(Pictures with short captions)
-=-=-
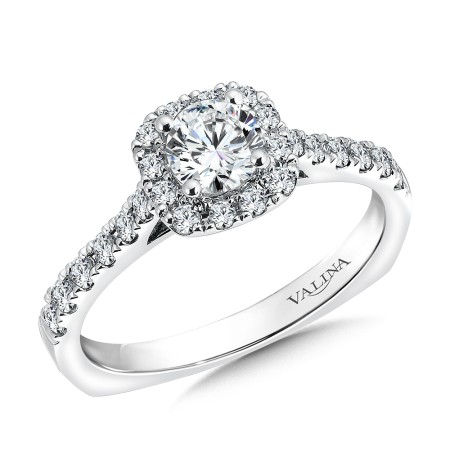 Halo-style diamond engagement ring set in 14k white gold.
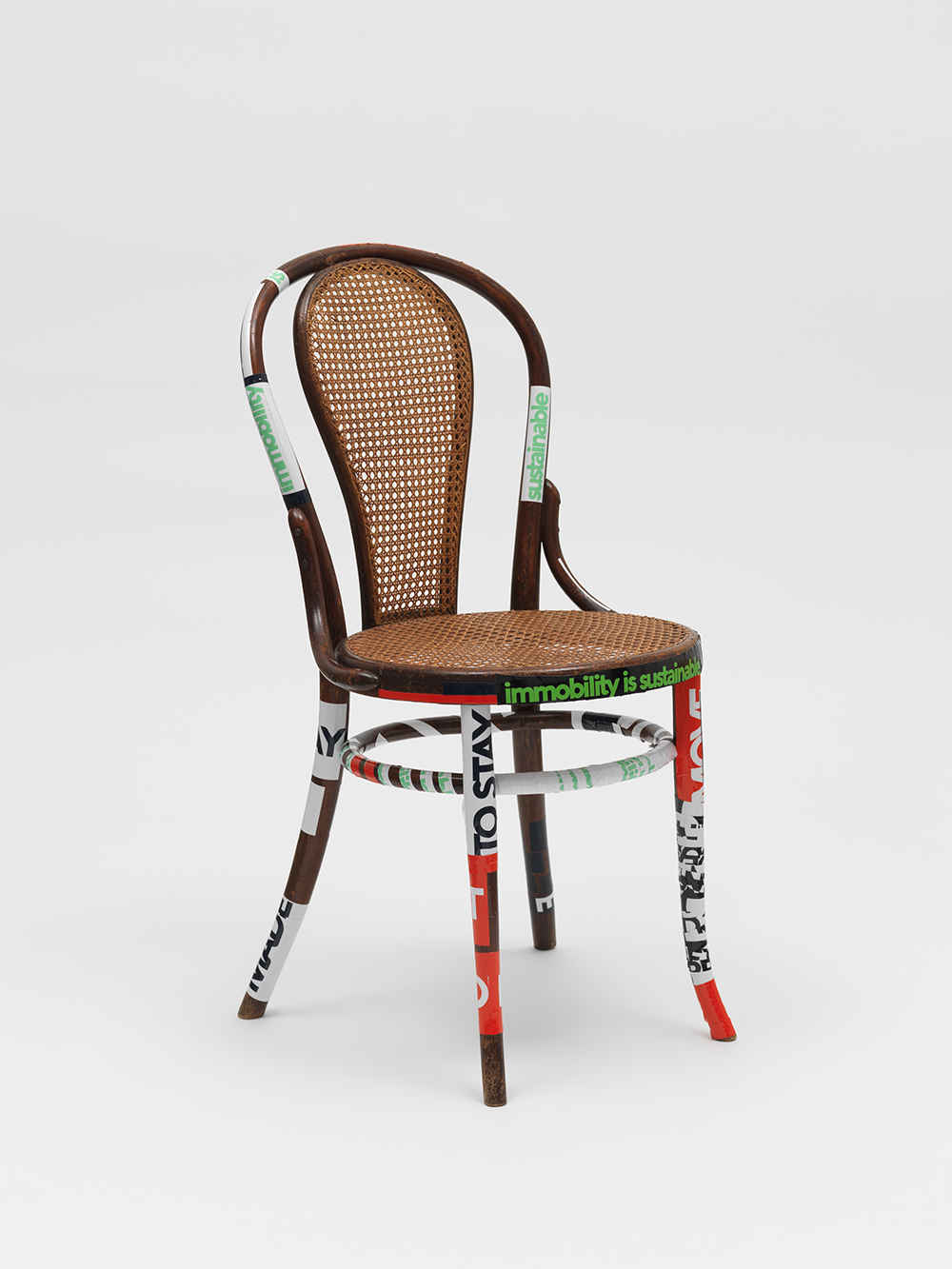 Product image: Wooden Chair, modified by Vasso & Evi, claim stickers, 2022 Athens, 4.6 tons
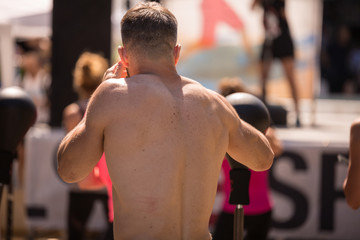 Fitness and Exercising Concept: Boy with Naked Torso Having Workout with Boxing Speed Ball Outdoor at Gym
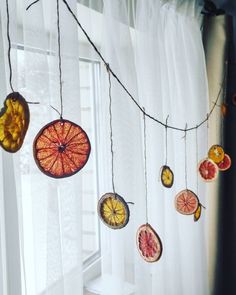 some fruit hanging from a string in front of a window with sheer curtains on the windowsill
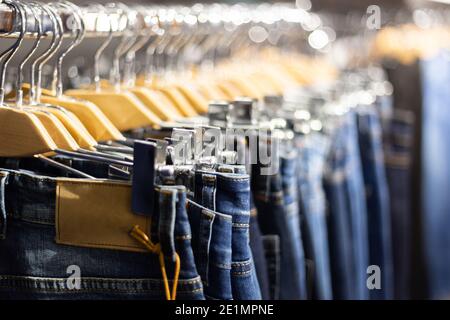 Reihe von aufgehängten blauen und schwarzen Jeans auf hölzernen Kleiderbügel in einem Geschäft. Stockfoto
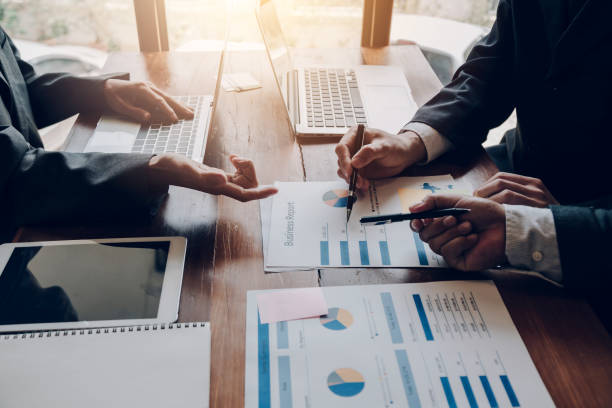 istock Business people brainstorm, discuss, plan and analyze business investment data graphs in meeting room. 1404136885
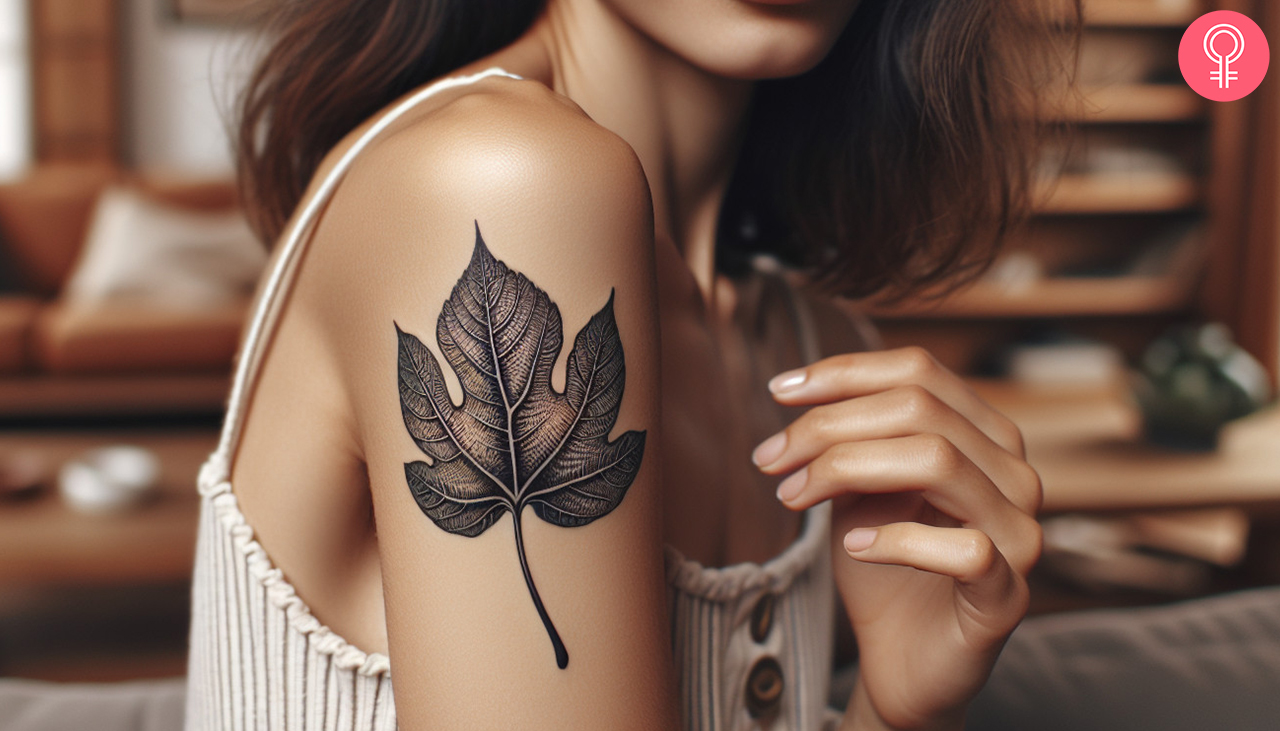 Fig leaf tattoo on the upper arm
-=-=-
> _What the exercise asks_: Print every entry above verbatim but drop the images.

> _Task output_:
 Halo-style diamond engagement ring set in 14k white gold.
 Product image: Wooden Chair, modified by Vasso & Evi, claim stickers, 2022 Athens, 4.6 tons
 Fitness and Exercising Concept: Boy with Naked Torso Having Workout with Boxing Speed Ball Outdoor at Gym
 some fruit hanging from a string in front of a window with sheer curtains on the windowsill
 Reihe von aufgehängten blauen und schwarzen Jeans auf hölzernen Kleiderbügel in einem Geschäft. Stockfoto
 istock Business people brainstorm, discuss, plan and analyze business investment data graphs in meeting room. 1404136885
 Fig leaf tattoo on the upper arm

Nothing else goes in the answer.